A thoughtful conversation emerged after the Saturday evening (01/05/13) screening of this alarming film which detailed the plight of ocean life due to over fishing of our oceans. Fish populations are in severe decline with some experts in the film predicting a seafood crisis by the year 2050. One suggestion for countering this trend is to eat small fish. Much like it takes 54 kilos of grain to produce one kilo of beef, it takes 50 kilos of small fish (like sardine or anchovy) to produce one kilo of larger fish like salmon. Because of this, it is better to eat the smaller fish directly. Small fish also require less time to reproduce and contain less mercury than larger fish. Another idea is to be an informed consumer. You can make informed buying decisions by not ordering fish that are on the endangered species list, asking your grocer or server if the fish on offer was sustainably caught or farmed. You can also look for and purchase Marine Stewardship Council Certified Sustainable Seafood.

Some interesting facts presented in the film include that, despite increased number of fishing vessels, industrial technology and area fished, the worldwide catch has been declining since the late 1980s. When scientist propose catch limits that would help populations recover, politicians often ignore them and allow an unsustainable number of fish to be brought to market each year. In fact the organizations that police the international fishing industry allow that 99.6% of the ocean to be fished. That leaves a mere 0.04% of protected aquatic habitat. It is estimated that in order to allow populations to recover we would need to protect least one-third (33%) of our oceans.

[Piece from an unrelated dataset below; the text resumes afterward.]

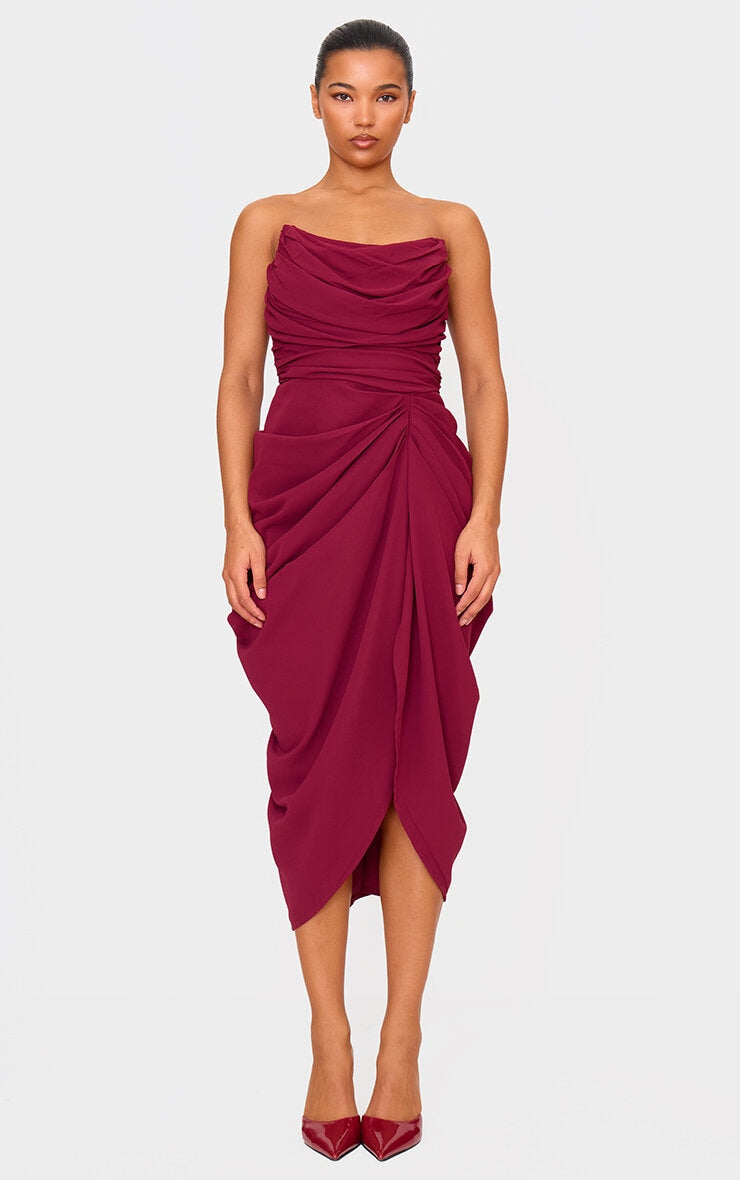 Burgundy Chiffon Corset Bandeau Draped Midi Dress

After the film, engaged Queens Library patrons shared thoughts on the film and expanded the conversation to include topics that where not thoroughly explained in the film. These included the melting of icebergs resulting in the acidification of our oceans, massive amounts of plastic in the oceans causing multiple problems and the FDA's recent approval of the first genetically modified organisms in the animal kingdom allowed into our food system in the form of AquaBounty GMO salmon. There are lots of things to be aware of and coming together as a community to learn and discuss these things is important so we can collectively address the issues we are faced with.